First time I've seen him in 3 yrs.

But listening to various pundits, Labor are ahead in Sturt, mainly due to many people in the seat being Public servants who don't want to be forced back to the office for no good reason.

how many federal public servants 1) are in sturt 2) would change their vote based on the public service stuff

the seat was very close last time.
 
how many federal public servants 1) are in sturt 2) would change their vote based on the public service stuff

the seat was very close last time.
I know the areas around Tea Tree Gully are heavily populated by PS, both federal and state.

The problem is also that many people in the Private sector see Duttons plans as inevitably impacting the private sector, making WFH less likely, so they also change their vote. (mainly female voters who apparently have benefited most from WFH, LNP already has a female voter problem, so just seems to make it worse.)
 
Peter Dutton losing his seat of Dickson won't have the same impact compared to John Howard being defeated in his seat of Bennelong to Labor's Maxine McKew in 2007.

Disagree, though it depends on what impact you're referring to.

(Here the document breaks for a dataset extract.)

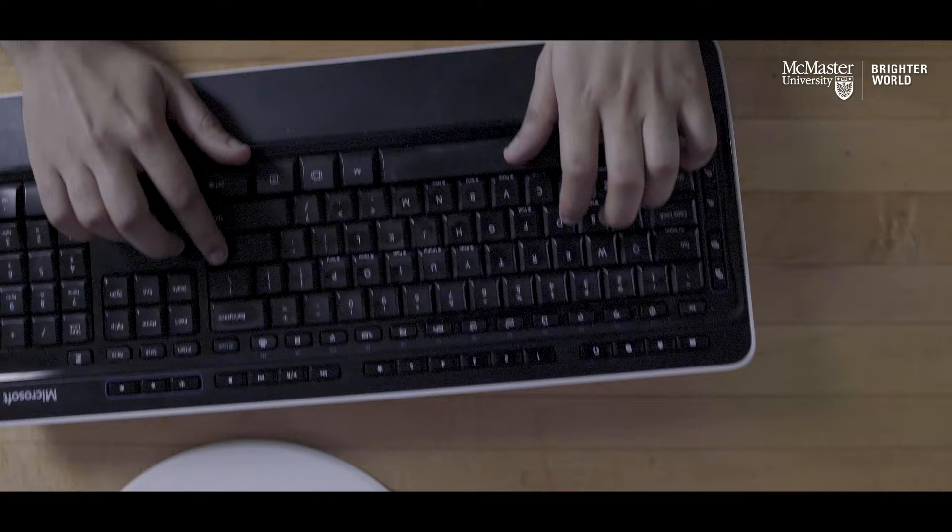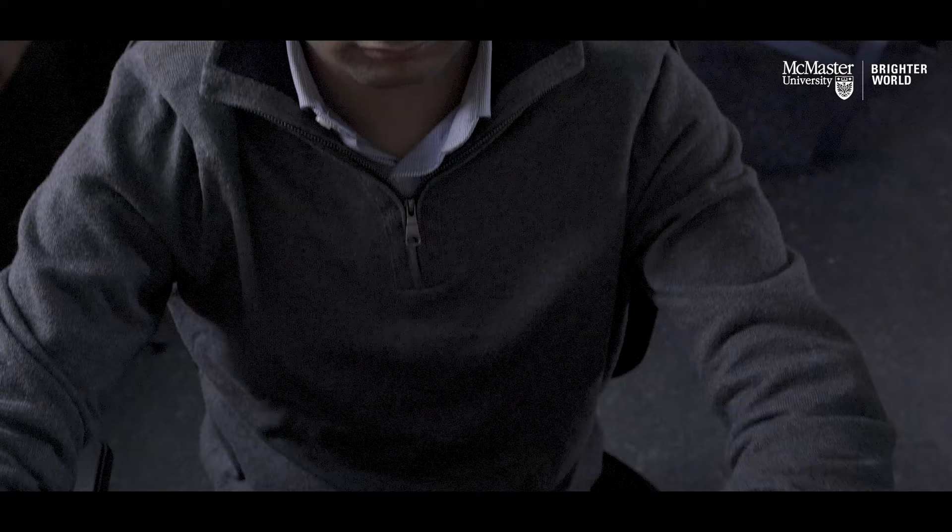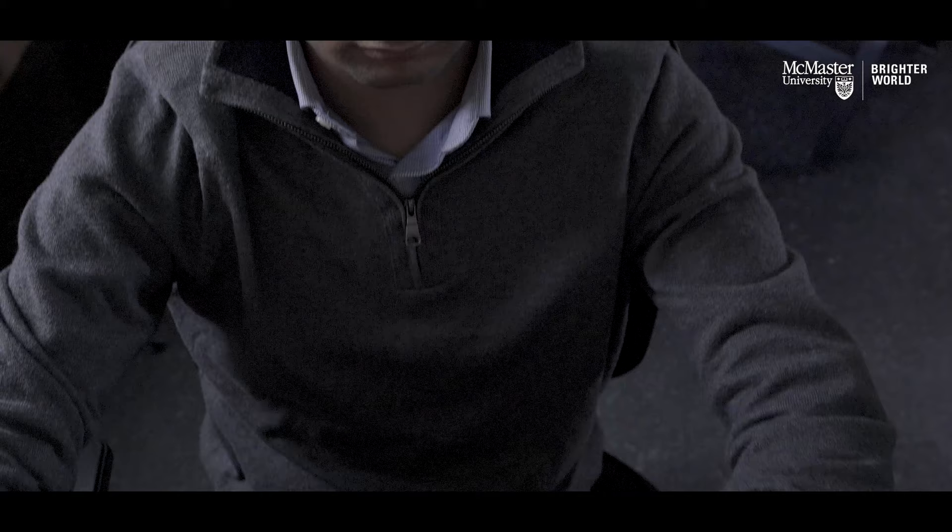By imaging this process at one one-millionth the width of a human hair for the very first time, we were able to see findings that were never before seen. We found that this membrane can stop this drug from creating a hole or a pore in the bacteria surface, and by doing this the bacteria prevents this drug from working.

Howard was PM for 11 years and spent a combined 17 years as PM or Treasurer. Several more years as opposition leader. His legacy from decades in the top offices in the country was already written and while the way he ultimately departed was a bit embarrassing, he'd had his day. And history will show, there were several future Liberal PMs in Parliament by the time he departed.

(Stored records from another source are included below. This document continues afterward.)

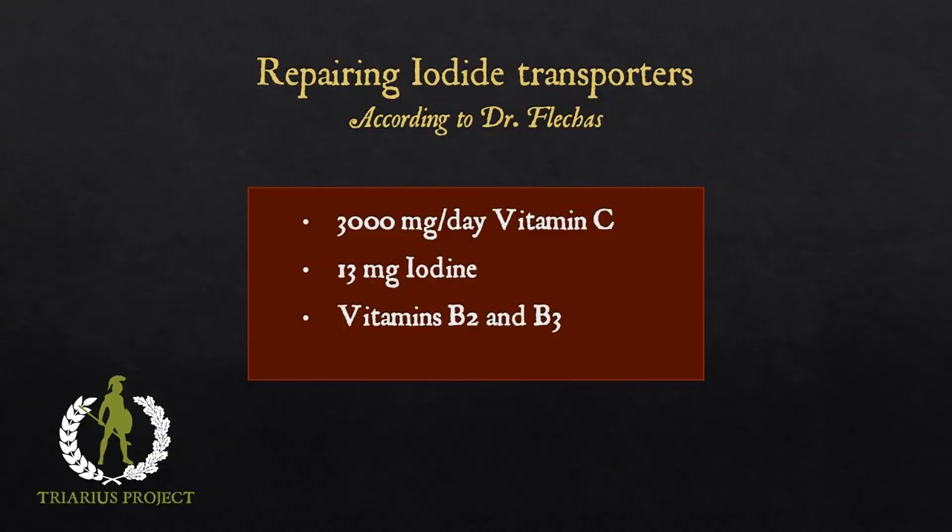There are two available forms of iodine: iodine and iodide, iodide being the salt form of iodine. Iodine readily absorbs through cell membranes while iodide needs to be transported through protein mechanisms. One of the problems with absorption of iodide today is that, because of our lifestyle and diet, it's very common to have damage to those iodide importer mechanisms. Dr. Fletchus notes that one way of repairing those transporter mechanisms is taking 3000 milligrams per day of vitamin C, adding up to 13 milligrams of iodine, and supplementing with vitamins B2 and B3. The greatest traditional source of iodine has been seaweed, and most Japanese have been estimated to get about 13 milligrams of iodine through seaweed. A traditional supplemental source has been Lugol solution, which contains both forms.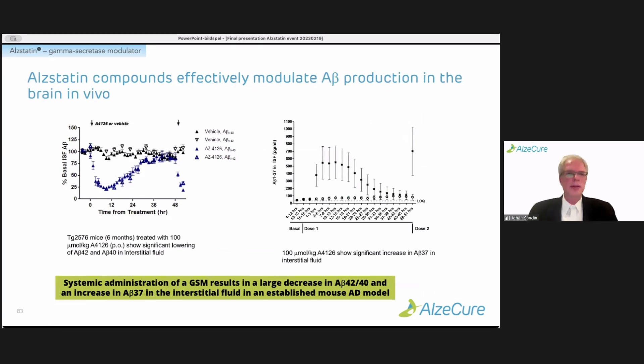We also did a collaboration with Washington University looking specifically at the effect of Alstatin compounds in the brain of an established mouse AD model. The compound induces a rapid and long-term decrease of A-beta-40 and 42 — about 80% reduction — over a substantial time after a single dose. At the same time, it increases the shorter fragments, the A-beta-37 peptide.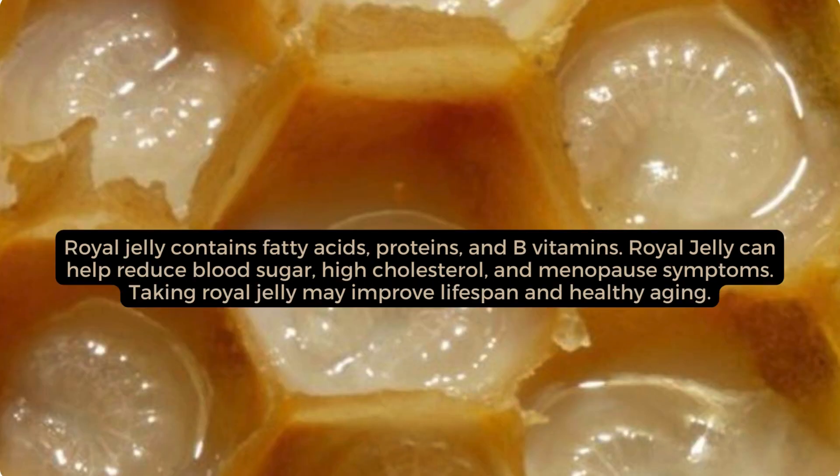Royal jelly contains fatty acids, proteins, and B vitamins. Royal jelly can help reduce blood sugar, high cholesterol, and menopause symptoms. Taking royal jelly may improve lifespan and healthy ageing.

If he loses, Dutton, on the other hand will depart with the knowledge that he will never be PM (or Treasurer), despite appearing to be days/weeks away from the top job, not once, but twice. Furthermore, it's always a lot easier in hindsight, but at a party level, he'll leave without an obvious future Liberal PM in Parliament: Hastie...? Taylor...? Geez I'd say Frydenberg's about as good a bet as anyone, the way it currently stands.
 
Disagree, though it depends on what impact you're referring to.

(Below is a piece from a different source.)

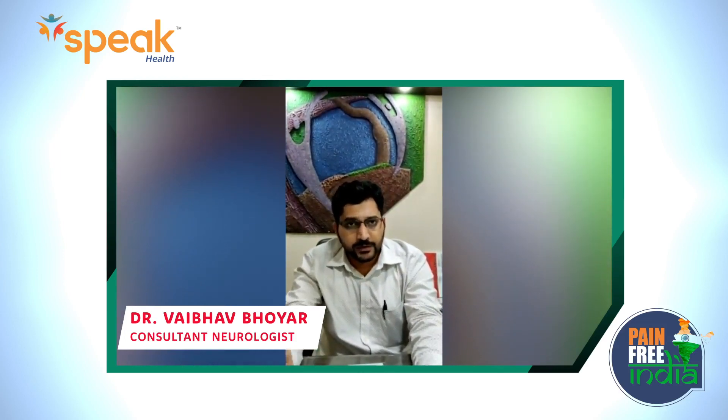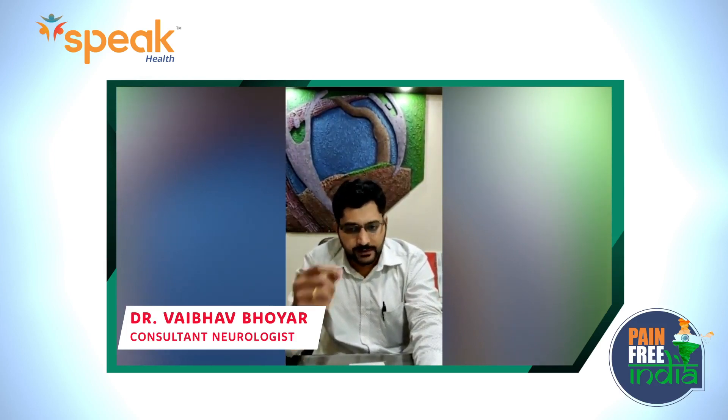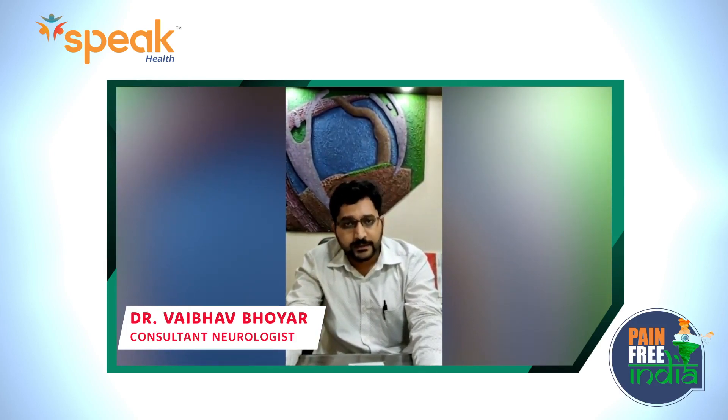Tumor-associated or paraneoplastic neuropathies are mostly due to Hodgkin and non-Hodgkin lymphomas. Bone marrow disorders like multiple myeloma, monoclonal gammopathies, polyclonal gammopathies, lymphomas, and amyloidosis can also lead to neuropathy.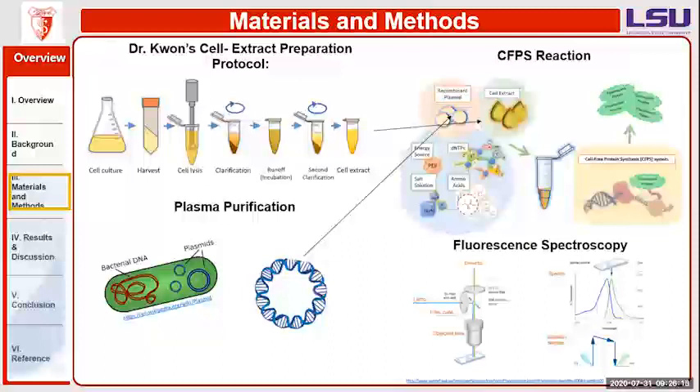We also had to do a plasmid purification because whenever we received the fluorescent proteins they were in plasmid form. Once we did the purification, it separated the bacterial DNA from the plasmids. We would then combine the plasmid and the cell extract with amino acids to create the CFPS reaction, which would begin producing the actual fluorescent proteins. To check fluorescence, we used fluorescent spectroscopy, which analyzes fluorescence from a substance by using a beam of light to excite the electrons to emit light, reading that emitted light to measure the fluorescence of each protein.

Howard was PM for 11 years and spent a combined 17 years as PM or Treasurer. Several more years as opposition leader. His legacy from decades in the top offices in the country was already written and while the way he ultimately departed was a bit embarrassing, he'd had his day. And history will show, there were several future Liberal PMs in Parliament by the time he departed.

If he loses, Dutton, on the other hand will depart with the knowledge that he will never be PM (or Treasurer), despite appearing to be days/weeks away from the top job, not once, but twice. Furthermore, it's always a lot easier in hindsight, but at a party level, he'll leave without an obvious future Liberal PM in Parliament: Hastie...? Taylor...? Geez I'd say Frydenberg's about as good a bet as anyone, the way it currently stands.
One political journalist (I think it was Laura Tingle) wrote in approximately 2019 that elections aren't just about the policies that win a mandate, but the policies that lose and never see the light of day again. Dutton doesn't necessarily have to lose his seat for his brand of dumb, supposedly tough but flip-flopping MAGA crap to be put in history's rubbish bin.
 
I'm expecting a minority Labor government with a swing away from Labor/LNP toward minor parties and independents. Greens/Teals to be the big winners with One Nation/Trumpet of Idiots also doing better than expected.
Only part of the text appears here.